Per ciò che concerne invece l’architettura istituzionale, proponiamo il superamento dell’attuale modello per favorire e approdare a un sistema di bicameralismo imperfetto formato da una camera bassa, detta dei Rappresentanti, rappresentativa dei cittadini europei ed eletta attraverso circoscrizioni interstatali con candidati e liste transnazionali, e da una Camera alta, detta Senato federale, rappresentativa dei singoli Stati membri e comprensiva di seggi assegnati alle aree metropolitane e alle regioni avanzate, così come, senza diritto di voto, alle democrazie del pianeta. Entrambe le Camere dovrebbero essere elette direttamente dal popolo.
Ambiamo inoltre a un’organizzazione dello Stato federale europeo organizzato in base al principio di divisione e separazione dei poteri, reali anticorpi alle varie forme di autoritarismo e totalitarismo. Tutto ciò da concretizzare mediante il rafforzamento degli organismi di garanzia già esistenti e delle agenzie indipendenti.

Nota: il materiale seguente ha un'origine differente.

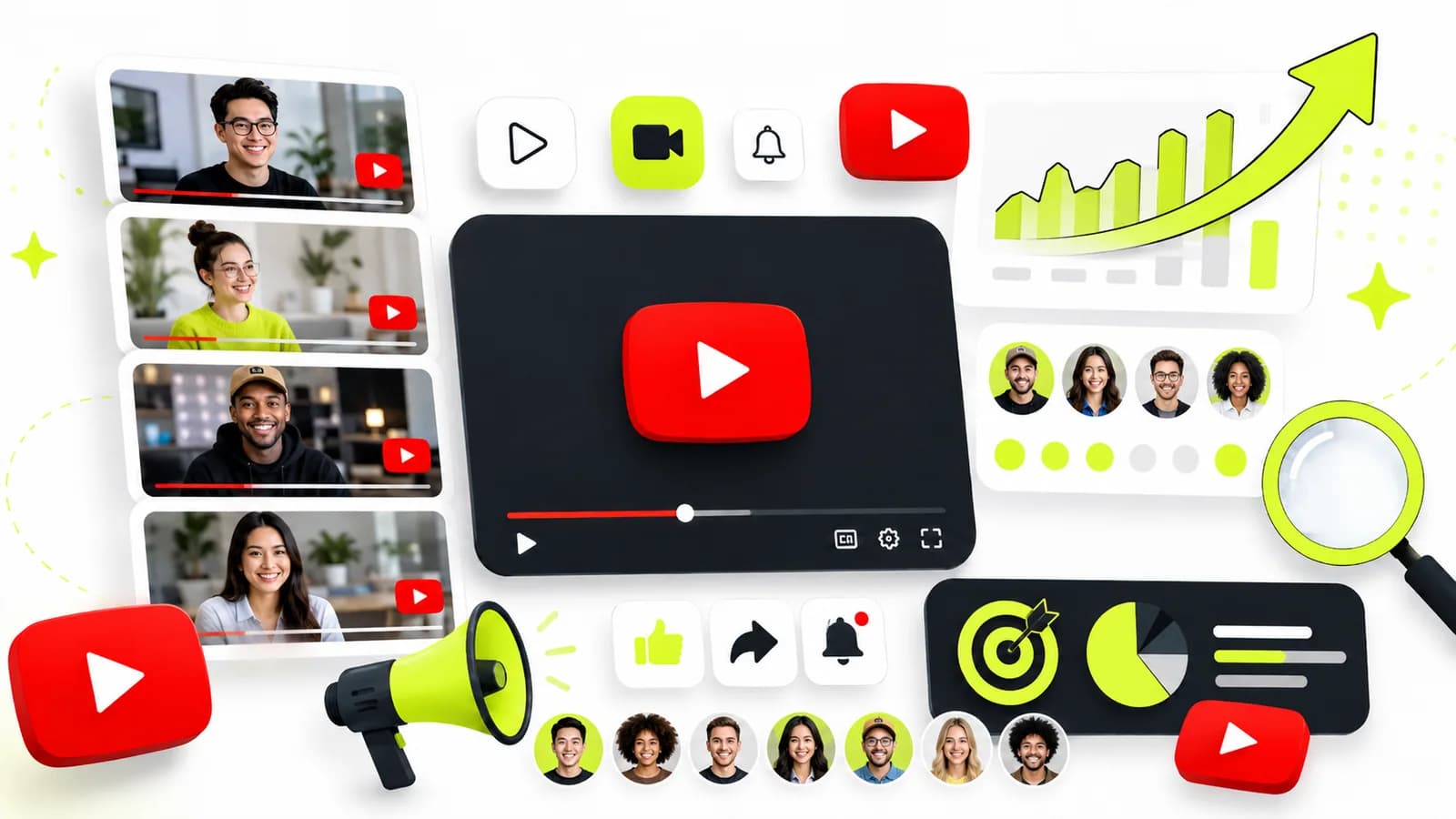 Skip the $1k Course: The Top 6 Marketing YouTube Channels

Europa in Comune significa anche sapere declinare e applicare l’elemento democratico ai vari livelli del potere politico, da quello locale a quello sovranazionale. Se nei comuni e nelle regioni ciò vuole dire soprattutto rafforzamento degli strumenti di democrazia partecipativa, si pensi innanzitutto ai referendum propositivi, abrogativi e confermativi, ma anche alla misurazione e valutazione della qualità dei servizi, a livello nazionale questo obiettivo si concretizza con la digitalizzazione degli strumenti di partecipazione e di trasparenza, a livello europeo in uno shock democratico verso un assetto politico ben definito del futuro Stato europeo, ovvero di uno spazio politico in divenire, sia in termini di rappresentanza sia in termini di partecipazione.